The 81-page report also notes that the majority of post-primary schools “promoted abstinence”, with one school’s policy reading: “Sexual abstinence before marriage and fidelity within it, will be presented as the positive and desirable option and an achievable reality.”

Around two-thirds of post-primary schools taught pupils about contraception, but the commission noted that it was unclear whether they offered accurate information.

Schools should be monitored over RSE content and pupils involved in co-developing policy

The report makes 13 recommendations which include requesting students to co-develop and evaluate RSE policies.

It also recommends that schools are monitored to ensure education is taught in an “objective and non-judgemental manner”, including “detailed assessments of the content and delivery of lesson plans”.

In total, 149 post-primaries in Northern Ireland provided evidence to the commission’s investigation and 124 provided their RSE policies out of 192 post-primary schools.

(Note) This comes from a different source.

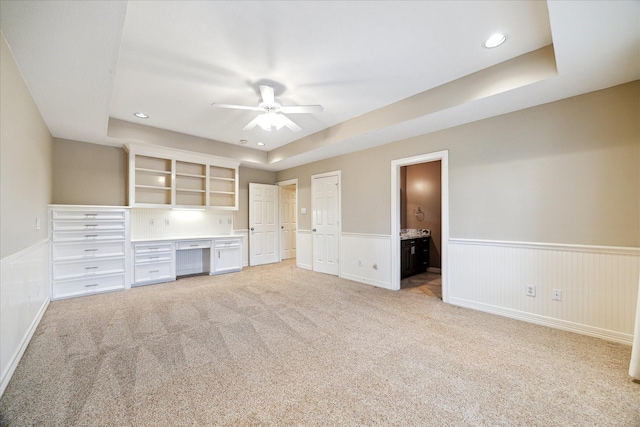 4911 Shiloh Lake Dr, Richmond, TX 77407 - unfurnished office featuring a ceiling fan, wainscoting, light carpet, a raised ceiling, and recessed lighting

The investigation took place between October 2021 to January 2023, following a 2018 report by the UN’s Committee on the Elimination of All Forms of Discrimination Against Women (CEDAW) to the UK government. It assessed whether CEDAW’s recommendations had been successfully implemented.

At the time, CEDAW recommended that the government “make age appropriate, comprehensive and scientifically accurate education on sexual and reproductive health and rights a compulsory component of curriculum for young people” and said it should cover “prevention of early pregnancy and access to abortion.

The UN committee also urged the UK government “monitor its implementation”.

On 6 June, the Northern Ireland secretary, Chris Heaton-Harris, announced new regulations to implement the recommendations in parliament, making it compulsory for all post-primary schools in Northern Ireland to teach pupils about access to abortion and prevention of early pregnancy.

Alyson Kilpatrick, chief commissioner of the NIHRC, said: “Whilst this is an important step for children’s rights, the implementation and monitoring will be critical.

“There is a clear need for schools to be supported to develop their capacity to deliver relationships and sexuality education.

“We stand ready to support the implementation of the CEDAW recommendation which should take a human rights-based approach.”